第8話

文字数 4,154文字

 彼女が描いてくれた地図を頼りに自転車を走らせた。約束の時間よりかなり早く家を出たのは、たとえ迷子になったしても時間だけは守ろうとしたからだ。土地勘はあるし、ましてや方向音痴でもない僕は地図の通りに来たはずなのに、目的の家を見つける事が出来なかった。まさか、騙された訳じゃないだろうし、何か見落とした事はないのか、確認するために、あたりを自転車でうろつく事になった。約束の時間が刻々と近づき、電話でもしようかと思ったときだった。何度も確認した筈の屋敷の前に彼女が佇んでいるのが見えた。確かにそこは彼女が描いてくれた地図の目的地に違いは無かったけれど、表札が違っていたので、勝手に間違えたと思い込んでいた。その大きな一枚板で作られた表札には『葛西』という字が堂々と刻み込まれていた。彼女は表札を見る僕を見て、
「あ、それお父さんの名前」
 と僕が迷子になった理由と彼女の今の境遇について、あっけなく種明かしをした。


「やっぱり、重いね」
「圭介君、そっち大丈夫?重いでしょ?」
「大丈夫です。もう少しです」
 彼女と彼女の従妹の咲子さんと僕の3人は2階の彼女の部屋から「どこか広場みたいなところ」である屋上までの階段を3人がかりで望遠鏡を運んでいた。
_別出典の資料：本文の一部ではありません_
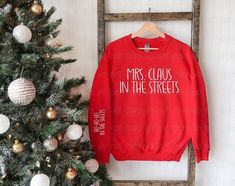 Sweatshirt will say: Mrs. Claus In The Streets.... Ho Ho Ho In The Sheets ( in white) All sweatshirts in red Sweatshirts are UNISEX Fit, if you have questions about sizing please refer to the sizing chart or feel free to ask me. Please select the size. Please feel free to send me a message with any questions! Thank you for looking! Griswold Family Christmas, Matching Sweaters, Design Text, Future Mrs, Childrens Christmas, Christmas Truck, Holiday Sweatshirt, Winter Sweatshirt, Hoodie Material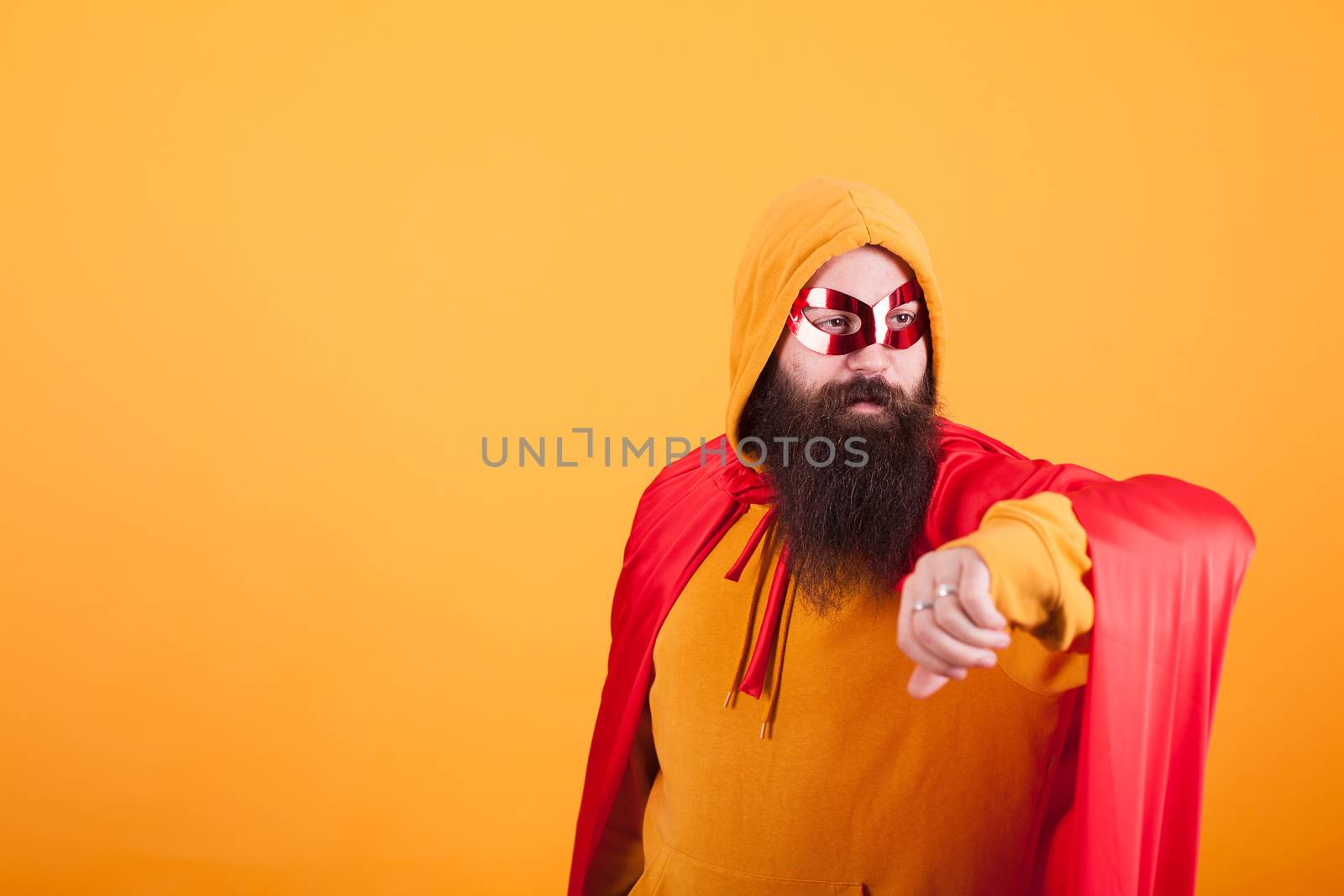 Hipster with long beard dressed in superhero costume looking away over yellow background. Yellow hoodie. red mask. Brave man.
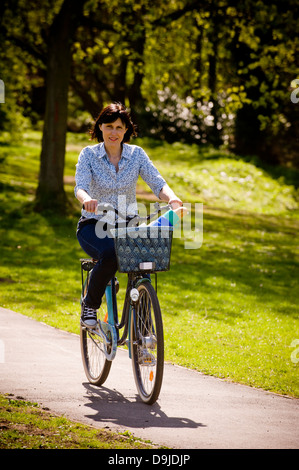 Young casually dressed caucasian woman riding a bike in a UK park Stock Photo
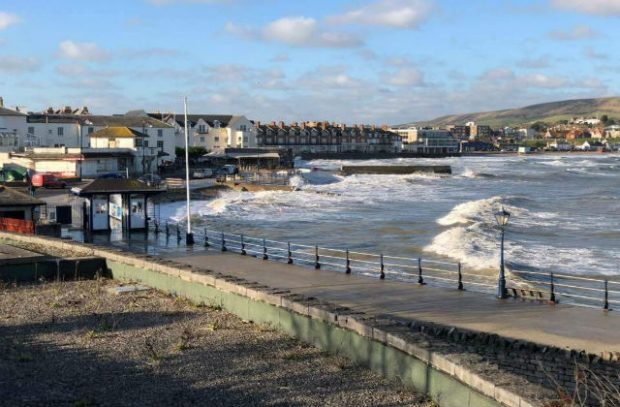 An image of a harbour with waves breaking against the shore.
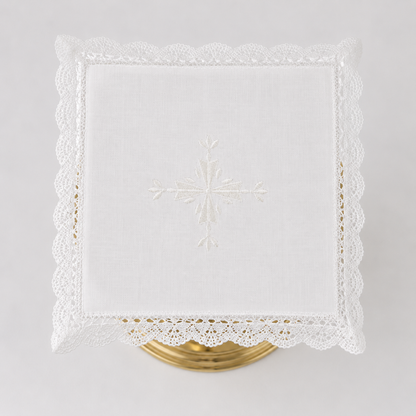 Square Italian linen chalice pall with a centered embroidered cross and crisp lace border.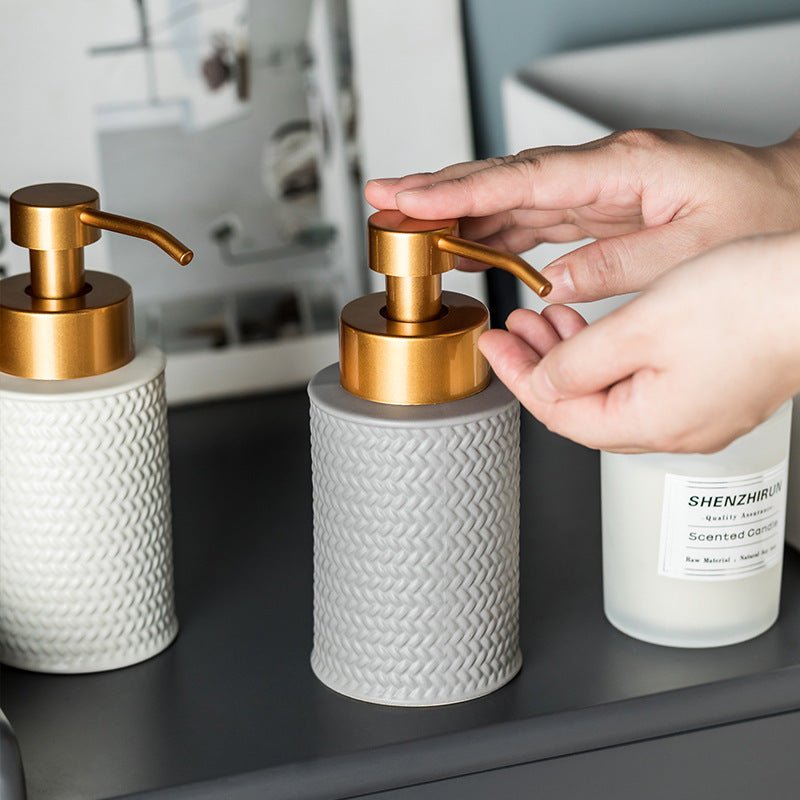 Person using a gold pump on a white soap dispenser with a blurred bathroom background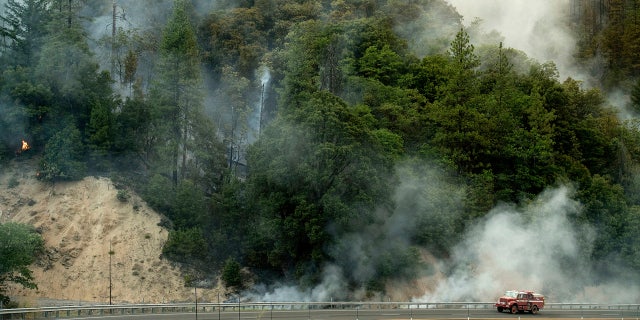 A fire truck passes a smoldering hillside as the Carr Fire burns along Highway 299 in unincorporated Shasta County, Calif.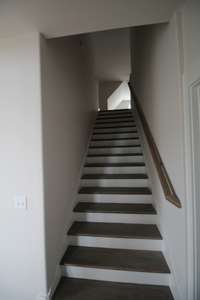 Stairs that lead to large bonus room above the garage! Can be used as office, movie room etc!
文化センターの望遠鏡よりは小さく見えたけれど、彼女の部屋に通されたとき、部屋の中で見るそれは白い大砲に見えたぐらい、そのぐらい大きかった。咲子さんは前もって彼女から聞いていたらしく、気合ばっちりで、「さぁ、圭介君、見せ所よ」と一体なんの見せ所なのかよく分からないまま、その大砲を『広場』まで担ぎ上げる事になった。望遠鏡の値段やその価値もよく分からない僕でも、どう見ても高価なものにしか見えなかったから、僕の汗は暑さのせいなのか、その緊張のせいなのか、既に分からなくなっていた。ようやく運び上げると『広場』の真ん中に三脚が置かれていて、僕たちは彼女の指示でそこにセットした。彼女の額も、うっすらと光っていたので、初めて見るそれはなんだか貴重なものに思えて、とっさに綺麗だと思ってしまった。そしてついマジマジと見ていたので、彼女に気付かれてしまった。彼女にしては珍しく恥ずかしかったようで、タオルか何かを取りにすぐに部屋に戻ってしまった。
「さすが圭介君、男ね~」
 咲子さんが明るい声で僕をねぎらってくれた。
「いや、咲子さんがいなければ、僕一人ではとても。あ、でも三脚はどうやって?これも相当重そうですけど」
「あ、それね。美知香が頑張ったの。階段に一段ずつ置きながら」
 彼女が一人でこんな重そうなものを?あの彼女がそんな事をするなんて。先ほどの額の汗もそうだったけれど、いつも「フフッ」と笑っているだけしか印象にない彼女がしたなんて僕には全く想像できなかった。そうしているうちに、彼女が階段を上ってくる足音が聞こえた。
「今の内緒だからね」
 少し離れていた咲子さんが口元を僕に向けてそんな事を言った。それで彼女と咲子さんの関係が少し分かったような気がした。『広場』に戻ってきた彼女はペットボトルを抱えていて、烏龍茶を先に咲子さん渡し、残りの2本のサイダーはもちろん僕と彼女の分だった。僕達はお互いに労をねぎらい、喉を潤す事にした。咲子さんと彼女は、久しぶりね、とか言っていたので、以前にもここで見ていた事があるのが分かった。彼女が表札の事を言っていなかった事を詫びていた。あれじゃ、分からないよね、と。彼女にしたら既に日常の事になっていたので、気付かなかったらしいから、これは事故みたいなものだった。それから、自分の家にいるというのもあっただろうし、大砲を運んだ労働の後なので、気分がいつも以上にリラックスしていたようで、彼女は自分の事を話し出した。それによると、彼女の苗字は母親のもので、両親は2年ほど前に離婚したそうだ。家は父親の名義になっているものの、父親はその前から家には住んでいない。そこへ大学進学をきっかけに、咲子さんが居候しているという事だった。さらさらと出てくる言葉の中に重い出来事が何個も含まれていたので、僕は驚くばかりだった。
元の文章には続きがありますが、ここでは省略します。